[Exercise] Starting at the line that contains "Casa 4 ambientes", reproduce only the lines through the end of the data, exactly, including both the first and the last; skip the pictures.

(Dataset items)
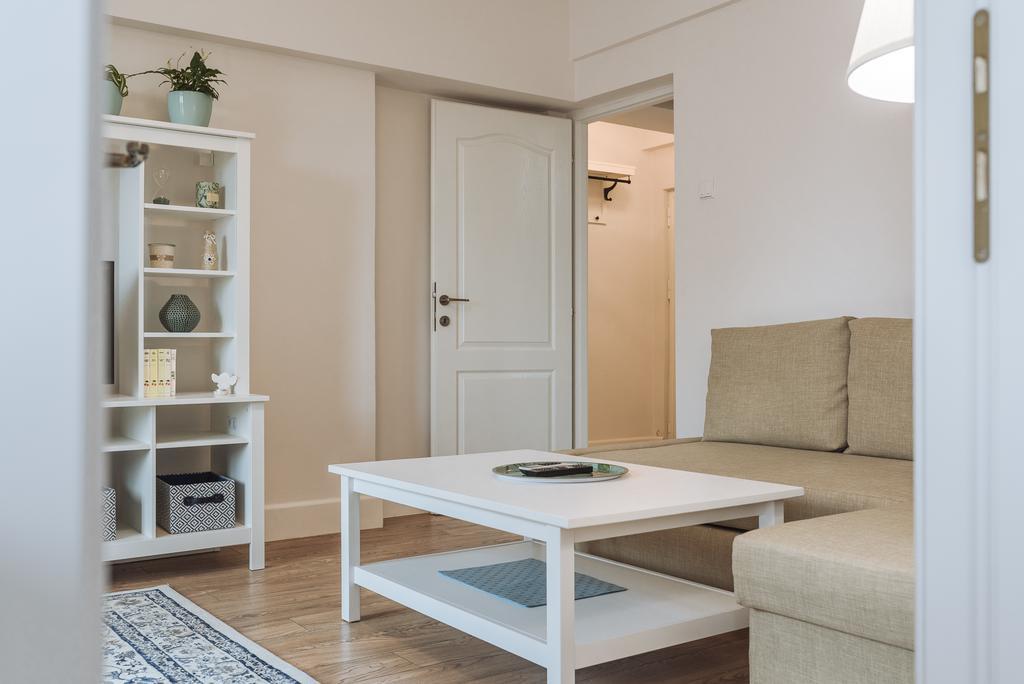 River View - Old City Apartment Bukares Bagian luar foto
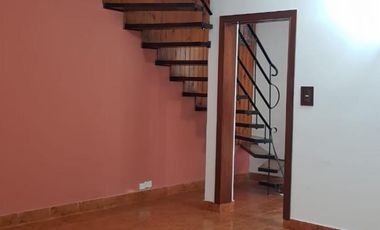 Casa 4 ambientes al frente en 2 plantas con garage y patio con parrilla. Ramos mejia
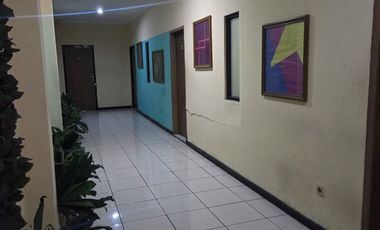 Rumah tengah kota Bentuk Kotak Cocok Untuk kos-kosan, penginapan, dll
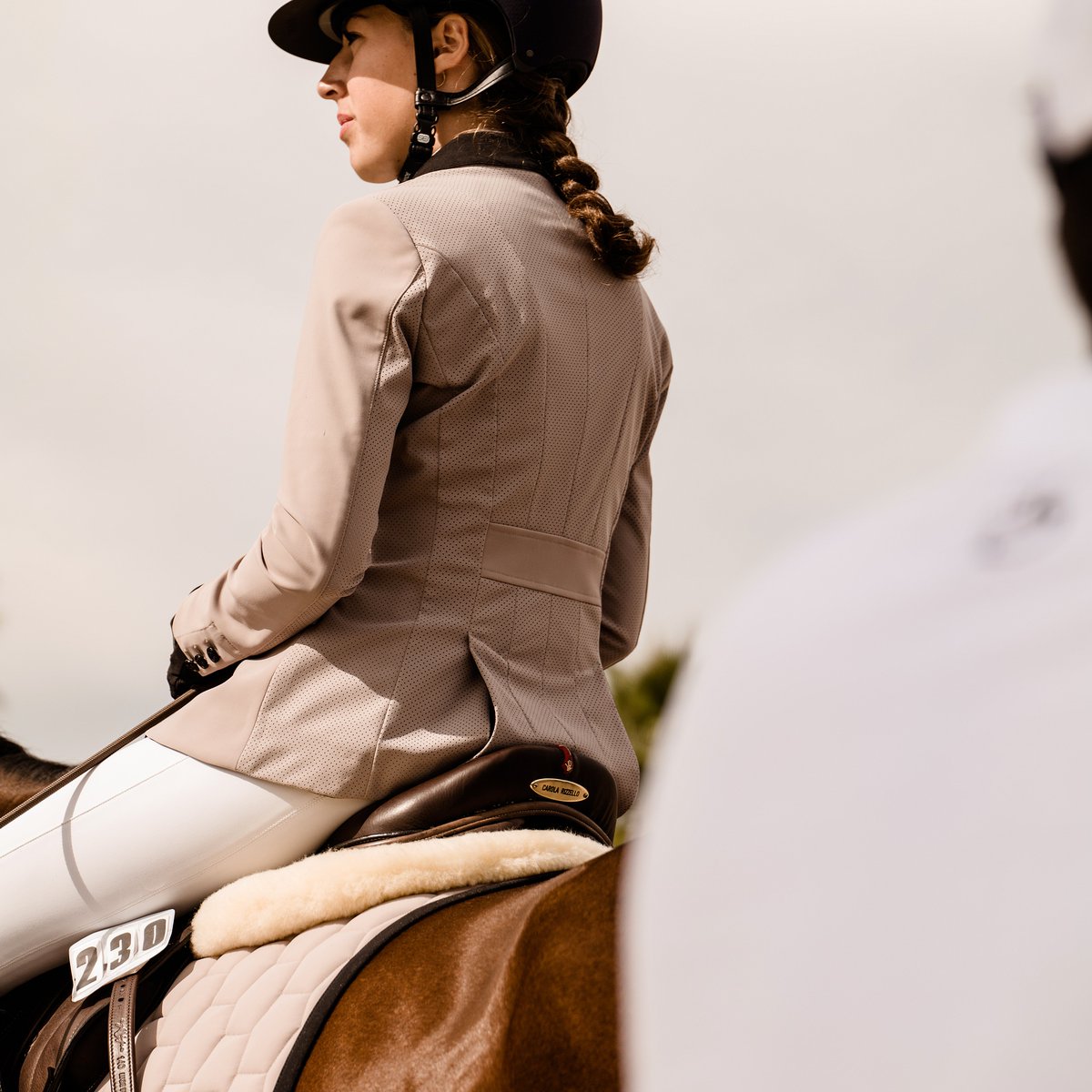Add some quiet luxury to your Autumn show style...

Some more shots showcasing the stunning NEW Cavalleria Toscana GP Show Jacket in the colour Cacao. 

Traditional, elegant and eye-catching.

#Equiport #Equestrian #CavalleriaToscana #RidingJacket #ShowJacket #ShowStyle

[Answer]
 Casa 4 ambientes al frente en 2 plantas con garage y patio con parrilla. Ramos mejia
 Rumah tengah kota Bentuk Kotak Cocok Untuk kos-kosan, penginapan, dll
Add some quiet luxury to your Autumn show style...

Some more shots showcasing the stunning NEW Cavalleria Toscana GP Show Jacket in the colour Cacao. 

Traditional, elegant and eye-catching.

#Equiport #Equestrian #CavalleriaToscana #RidingJacket #ShowJacket #ShowStyle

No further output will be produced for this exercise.